= BRAD Insight =

BRAD Insight is a provider of information on the media and marketing industry in the United Kingdom. The product is managed by Mediatel Ltd. (an Adwanted Group company) who are based at Strand, London.

BRAD Insight logo

==History==
The firm's launch in 1954 was fuelled by the post-war revolution in the UK consumer magazine and newspaper markets. The British Rate And Data directory (known as BRAD) was first published in print and initially contained the details of around 2000 print media that were then accepting advertising. The final print copy of BRAD was published in March 2009. BRAD is now available online via subscription services known as BRAD connect & BRAD intelligence. BRAD currently contains more than 14,000 detailed media entries across seven media channels (Business Press, Consumer Press, Newspapers, TV, Radio, Out of Home and Digital).

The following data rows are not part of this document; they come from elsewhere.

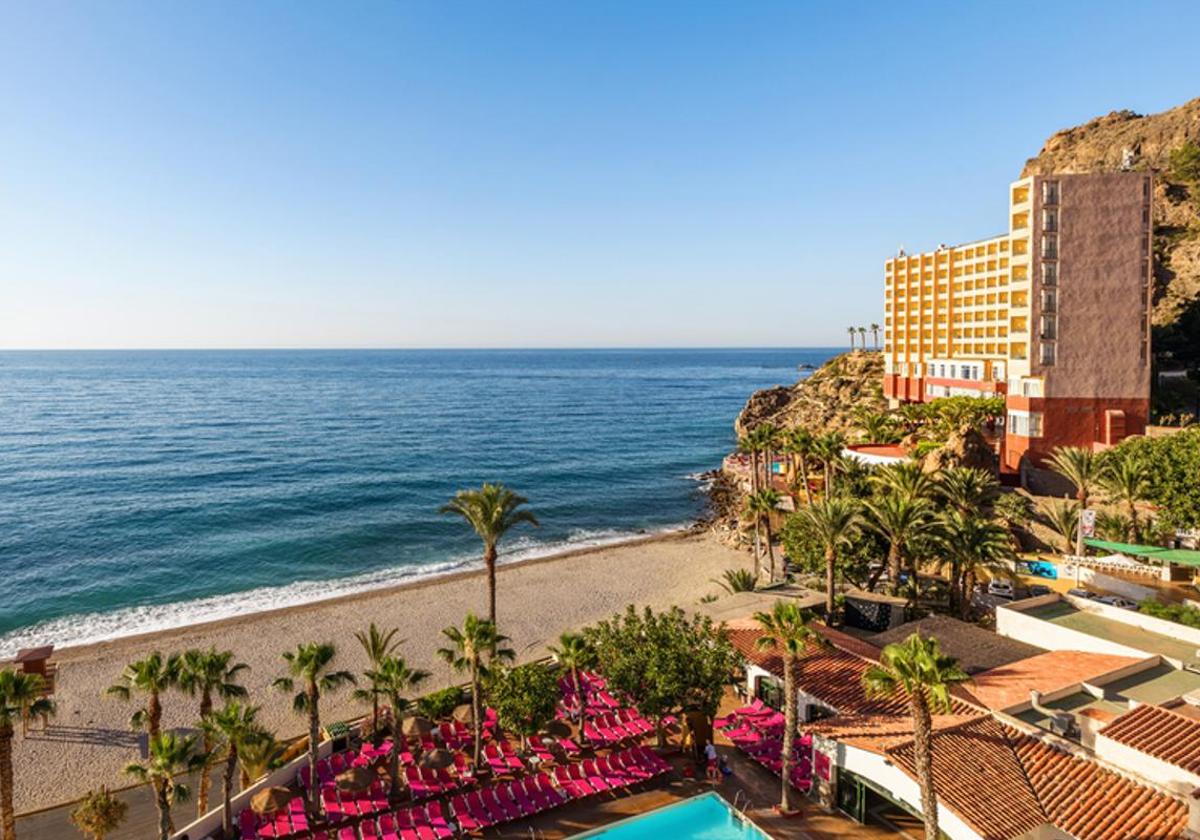 Senator Hotels apuesta por el talento joven con un innovador encuentro en Roquetas de Mar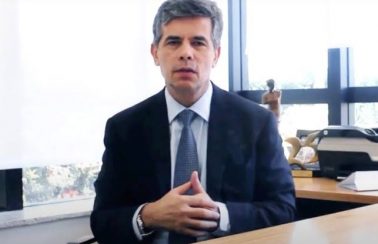 Bolsonaro demite Mandetta e Nelson Teich será nomeado ministro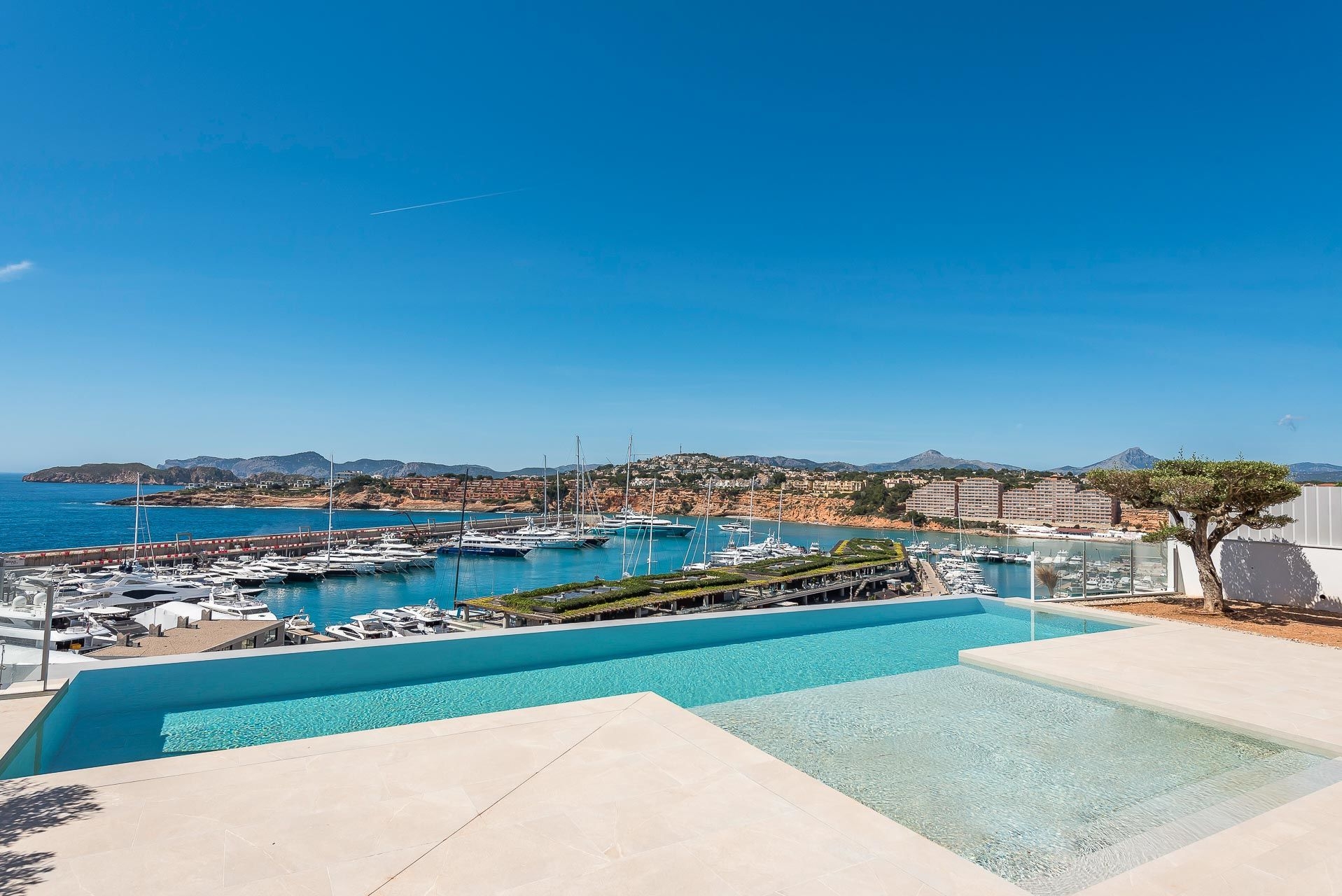 Überlaufpool mit Sonnenterrasse und Blick auf Port Adriano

In February 1987, Black Box Publishing launched the Account List File (known as ALF), a printed directory providing information about relationships between the UK's top spending advertisers, the brands they own and the advertising agencies they work with (including details of key personnel making advertising decisions on behalf of the brands). BBP was eventually bought by Data Management Services moving to offices in Ramillies Street in central London. At the time the data was sold through print and a software based CRM system. Eventually DMS was bought by Pearson and the ALF range was stabled with The Register and Magazine Business as Register Information Services, with offices in London near The Angel. The company was acquired by Emap in 1999 and ALF and BRAD were brought together. Following 276 editions, 267,145 pages and a total of 3.8 million updates, the final printed edition of ALF was released in August 2010. The ALF directory is now available online via subscription services known as ALF Connect and ALF Intelligence.

BRAD and ALF are both acronyms, standing for British Rate and Data and Account List File respectively. BRAD Insight was known as The Brad Group until it was re-launched in 2007 by Emap.

==Current operations==
New modular versions of ALF Intelligence based on key market factors have been added to the ALF Business Development portfolio. The latest, focusing on brands in the fast-moving consumer goods (FMCG) market, was released in July 2011.

Brad Insight continues to partner with the Guardian Media Group plc on various events, including the MEGAs and the Changing Media Summit. and also sponsors several other media events, such as the Media Festival and the FRESH Awards.